Lançada no último Boletim Oficial (nº 1.098 de 12 de agosto 2020), a portaria nº03 da secretaria de Educação, Ciência e Tecnologia de Búzios, estabelece a validação da carga horária do ano letivo de 2020, através de atividades não presenciais.

Visando cumprir esta carga horária, que seria de 800 horas, a secretaria oferece apostilas, que deverão ser acessadas na plataforma digital da SEME (www.educacaobuzios.net), que se encontra no site oficial da prefeitura de Búzios. Cada aluno deve acessar o conteúdo disponibilizado para a sua turma, imprimir as apostilas e estudar.

A notícia preocupa pais e alunos, uma vez que as apostilas são importantes para validar o ano e as crianças não ficarem para trás na aprendizagem, mas a impressão deste material é cara, e exige que o estudante tenha acesso à internet e aos custos de uma impressora, que contabilizam o equipamento, as folhas e a tinta para impressão.

Auxílio de R$200 é para se alimentar ou pagar impressão?
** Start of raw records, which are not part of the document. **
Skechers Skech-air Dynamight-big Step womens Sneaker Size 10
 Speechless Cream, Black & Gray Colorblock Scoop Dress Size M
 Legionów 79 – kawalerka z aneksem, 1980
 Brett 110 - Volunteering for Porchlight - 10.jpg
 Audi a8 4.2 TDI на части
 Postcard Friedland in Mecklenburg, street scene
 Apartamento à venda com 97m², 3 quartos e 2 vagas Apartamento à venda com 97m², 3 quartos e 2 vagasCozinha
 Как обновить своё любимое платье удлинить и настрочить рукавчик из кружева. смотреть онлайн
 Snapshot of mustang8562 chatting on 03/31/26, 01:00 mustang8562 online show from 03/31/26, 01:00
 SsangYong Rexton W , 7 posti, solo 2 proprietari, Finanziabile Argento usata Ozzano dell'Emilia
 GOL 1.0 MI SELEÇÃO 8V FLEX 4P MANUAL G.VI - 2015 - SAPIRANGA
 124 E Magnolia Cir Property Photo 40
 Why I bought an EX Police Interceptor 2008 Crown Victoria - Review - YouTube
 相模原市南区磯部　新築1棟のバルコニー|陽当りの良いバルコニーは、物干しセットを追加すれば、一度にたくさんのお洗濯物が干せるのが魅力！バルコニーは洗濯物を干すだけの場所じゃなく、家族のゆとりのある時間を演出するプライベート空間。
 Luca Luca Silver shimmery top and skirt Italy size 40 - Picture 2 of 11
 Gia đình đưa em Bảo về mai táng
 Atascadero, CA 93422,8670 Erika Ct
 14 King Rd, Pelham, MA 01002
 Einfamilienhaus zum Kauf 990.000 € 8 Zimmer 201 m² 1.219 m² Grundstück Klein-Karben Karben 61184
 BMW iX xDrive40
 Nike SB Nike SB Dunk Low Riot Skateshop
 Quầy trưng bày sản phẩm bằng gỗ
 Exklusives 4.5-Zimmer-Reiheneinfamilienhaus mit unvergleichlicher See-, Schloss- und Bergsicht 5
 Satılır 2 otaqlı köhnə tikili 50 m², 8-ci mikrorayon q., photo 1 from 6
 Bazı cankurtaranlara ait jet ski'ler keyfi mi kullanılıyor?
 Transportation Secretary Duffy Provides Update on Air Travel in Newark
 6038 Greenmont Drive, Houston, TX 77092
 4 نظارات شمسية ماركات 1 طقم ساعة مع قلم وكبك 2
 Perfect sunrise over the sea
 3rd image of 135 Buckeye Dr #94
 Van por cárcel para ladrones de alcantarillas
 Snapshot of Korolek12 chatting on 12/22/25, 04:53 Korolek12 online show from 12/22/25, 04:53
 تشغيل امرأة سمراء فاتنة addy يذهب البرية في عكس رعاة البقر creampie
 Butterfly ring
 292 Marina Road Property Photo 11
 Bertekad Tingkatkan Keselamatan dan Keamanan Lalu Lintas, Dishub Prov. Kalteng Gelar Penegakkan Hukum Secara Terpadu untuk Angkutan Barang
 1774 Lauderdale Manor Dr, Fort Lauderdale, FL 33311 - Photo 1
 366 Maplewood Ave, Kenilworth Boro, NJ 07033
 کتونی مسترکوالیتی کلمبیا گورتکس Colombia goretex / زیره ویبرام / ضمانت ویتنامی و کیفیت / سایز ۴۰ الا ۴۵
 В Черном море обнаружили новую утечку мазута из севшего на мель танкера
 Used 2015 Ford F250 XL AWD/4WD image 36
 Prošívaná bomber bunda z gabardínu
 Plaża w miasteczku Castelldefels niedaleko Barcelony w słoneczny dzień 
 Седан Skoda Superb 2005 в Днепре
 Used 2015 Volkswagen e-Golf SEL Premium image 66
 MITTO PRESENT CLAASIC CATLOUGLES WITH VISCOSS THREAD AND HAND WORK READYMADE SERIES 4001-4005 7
Nos grupos de whatsapp e nas redes sociais, pais de alunos questionam a atitude da prefeitura, uma vez que cada apostila custa em média R$50,00 para ser impressa. Famílias com três ou mais estudantes acabariam utilizando todo o benefício do auxílio emergencial de um aluno, somente para pagar as impressões. O auxílio emergencial de R$200,00 por aluno, a ser pago pela prefeitura até o retorno das aulas presenciais, será votado pela Câmara de Vereadores nesta terça-feira (18).

Alguns pais foram até a escola onde seus filhos estudam, tentar conseguir a impressão do conteúdo das apostilas, mas alegam ter encontrado grande dificuldade. As diretoras não têm autorização da secretaria de Educação para imprimir o material para os alunos. A ordem é para cada um resolver a sua impressão, sem ajuda do município.

Procurada pela Prensa para esclarecer a situação e orientar os pais a respeito das impressões, a secretaria de Educação não se manifestou sobre a questão.